I remember the whirlwind of thoughts and feelings I had while being pregnant: “Wow, my body is changing rapidly before my eyes. My skin, hair and nails look amazing! I feel sick. Everyone is being so nice to me. I feel sleepy and dizzy. I love my darling husband. I wonder if we’ll have a boy or a girl. I’m hungry. Please don’t touch me.”
The day our son was born, a switch flipped. I was no longer the young lady with random thoughts before. I was a mother. And I felt a heavy burden of motherhood with very different thoughts and feelings that swept over me: “Will my baby feel loved enough? Will he love us? What if I say the wrong thing and misdirect him? What if his heart is broken? What if he breaks someone else’s heart? What if I fail him … our family … our community and he becomes a criminal? What if he dies before it’s his time?”
I remember people telling me that I’d “be a good mother” but I couldn’t help wondering …was I? I felt as though I was an imposter of a mom because I didn’t have all the answers.

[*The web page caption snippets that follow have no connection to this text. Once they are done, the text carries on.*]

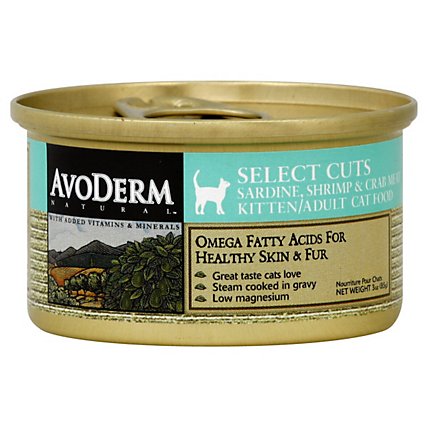 AvoDerm Natural Cat Food Kitten Adult Select Cuts Sardine Shrimp & Crab Meat Can - 3 Oz - Image 1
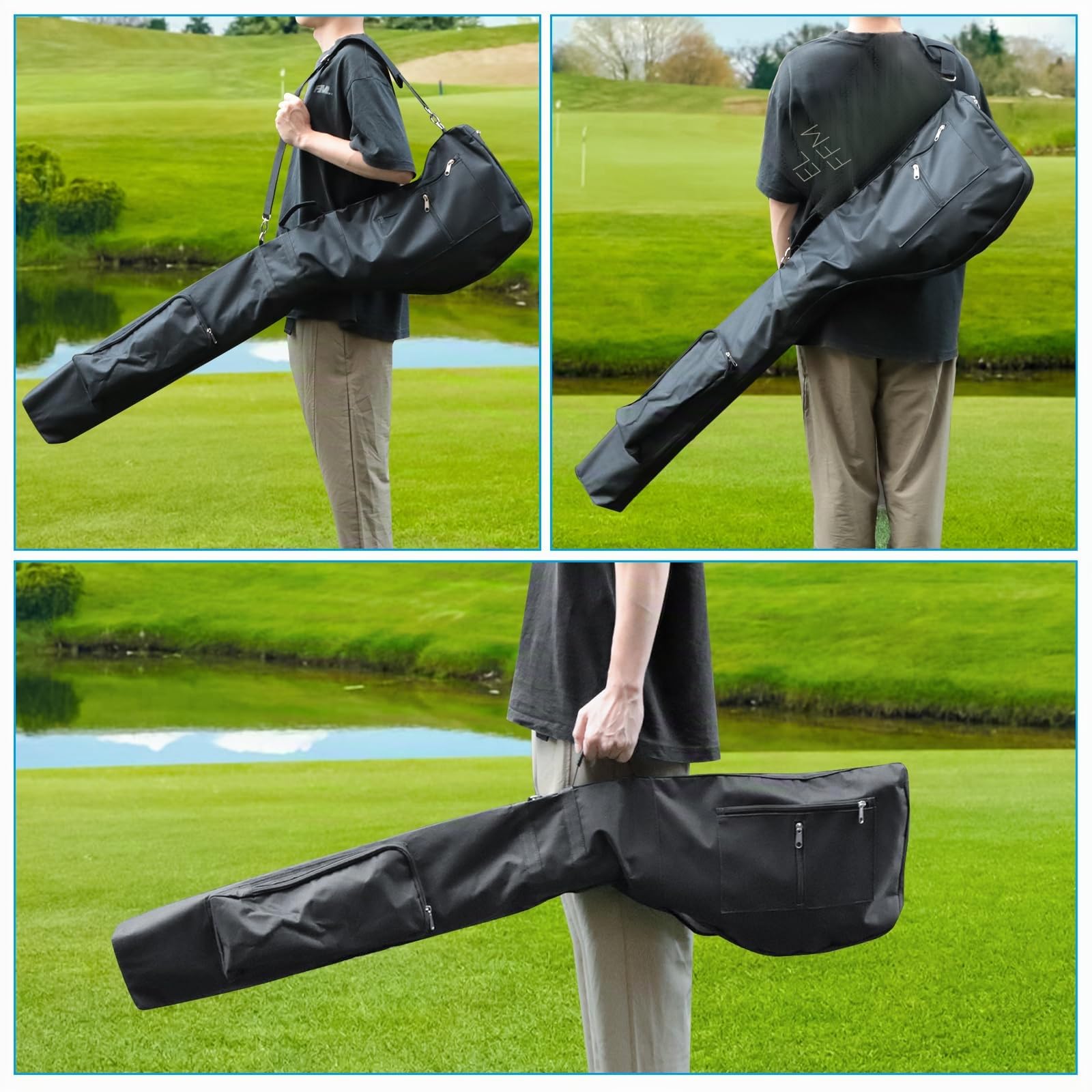 Bolsa de Viaje Plegable para Palos de Golf Impermeable Negra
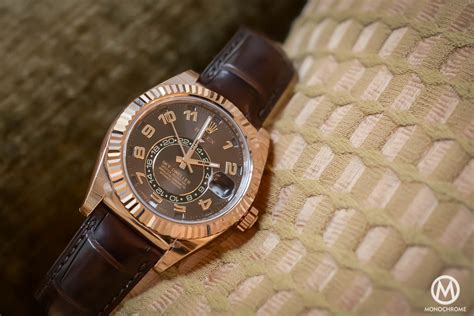 rolex sky dweller gold brown|rolex sky dweller price guide.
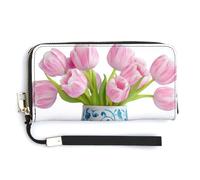 Jubonexis Chinoiserie Vase with Pink Tulips Blue Pattern PU Leather Clutch Long Bifold Wallet, Coin Purse Credit Pass Case, Durable Card-Holder Money Storage for Women Men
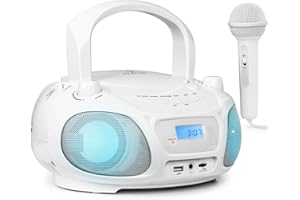 AUNA Roadie Sing - Appareil karaoké, Système karaoke complet, Lecteur CD, Port USB, MP3, Radio FM, Bluetooth 3.0, Eclairage LED, Fonctionnement sur piles ou secteur, Fonction Sing-A-Long - Blanc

I remember struggling with more questions like: “Is this what will make my baby happy?” When my son wasn’t walking at age 1 and I was taking the approach of ‘he’ll get there when he’s ready while at the same time observing other young kids walking, I would ponder “Is the world forcing me to raise my son into a man much sooner than I’d like?”
I would look into his big beautiful eyes and I’d cry while singing “Baby Mine.” I did not know what to do. My mother wasn’t there to guide me. I wasn’t communicating my needs to my husband. There wasn’t someone to hold my hand and lead the way.
It wasn’t until my mother-in-law visited one day to check in on us when she told me that motherhood can / does feel lonely. She echoed my feelings with her own story of living with three kids of her own with a husband that worked full time and went to school. She helped me realize that other mothers struggle as well and that it’s ok to look and ask for help.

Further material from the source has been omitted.